I like to think that this dialog would never have shipped in the years I worked on IE. First, and most glaringly, the default option is to hijack the user’s search provider and homepage to Microsoft-owned properties. Next, the dialog box tries to justify this hijacking by implying that IE didn’t previously protect these settings (false) and that “websites” could “silently change” these settings (false). Clicking “Click here to learn more” takes the user to a page (delivered insecurely) which vaguely hand-waves about the threat of local malware, and says nothing about misbehaving websites.

So, if Microsoft is now “protecting” the settings they’ve just changed, how are they doing it?

Let’s have a look at the new version of that Add Search Provider dialog box we saw earlier. See what’s missing?

Add Search Provider (missing "make default")

That’s right—the choice to change your default search engine has been removed. (The option is now buried in a subtab of a subdialog of the Internet Options dialog.)



-Eric Lawrence

Published by ericlaw

Impatient optimist. Dad. Author/speaker. Created Fiddler & SlickRun. PM @ Microsoft 2001-2012, and 2018-2022, working on Office, IE, and Edge. Now a SWE on Microsoft Defender Web Protection. My words are my own, I do not speak for any other entity.

2 thoughts on “Putting Users First

  1. I must confess the recent IE/Edge changes have not been shining a light on “the good side” of Microsoft. Some of these changes have a smell of the days back when it was a Netscape/IE browser wars world that I’d hoped we have all since moved on from. As for protecting against the “sites” that might alter these properties… yeah this is a thinly veiled note… but to play devil’s advocate, stating it as protecting against that crazy annoying malware that resets these settings in such a brutally annoying way that causes you to boot up in safe mode to kill them… might be a bit long winded for the dialog.

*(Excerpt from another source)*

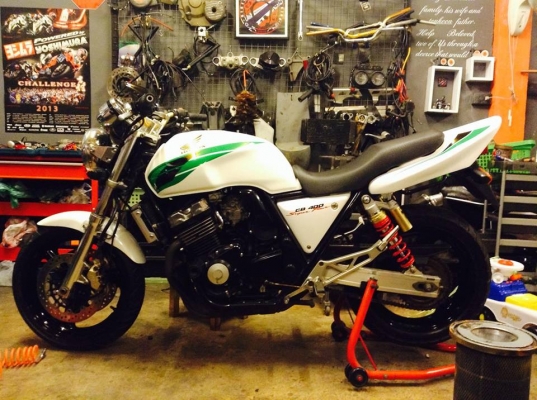 รับบิ้วประกอบเก็บงานทำสีดัดแปลงบิ๊กไบค์ทุกรุ่นเข้ามาดูก่อนได้ครับก่อนตัดสินใจ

    If that dialog had either pre-selected the user’s current settings radio, or did the “try-and-pray” option of not selecting either in hopes that they might choose the Microsoft settings (by choice or accident) then I think it would have slipped through without raising eyebrows much.

    Speaking of other apps that attempt to set your homepage, search engine, or anything like that – I think I’d be willing to state that I think removing any OS/Browser API’s that even allow an outside app to alter these would actually be a good thing.

    If a user wants to add a homepage, or search engine – as long as it is easy for THEM to do it, from their browser, e.g when viewing the site, I think that is all that is needed. The other ~99.99% of the time when a 3rd party app is setting them… it is often a slimy/evil scenario.

    1. The IE team has previously created a number of APIs to allow local applications to propose changes to your settings (after user consent via a MS-owned UI) like IHomePageSetting; see https://msdn.microsoft.com/en-us/library/dn602565(v=vs.85).aspx. This was done largely in order to declare direct registry manipulation verboten (and thus grounds for blocking as Potentially Unwanted Software by Windows Defender).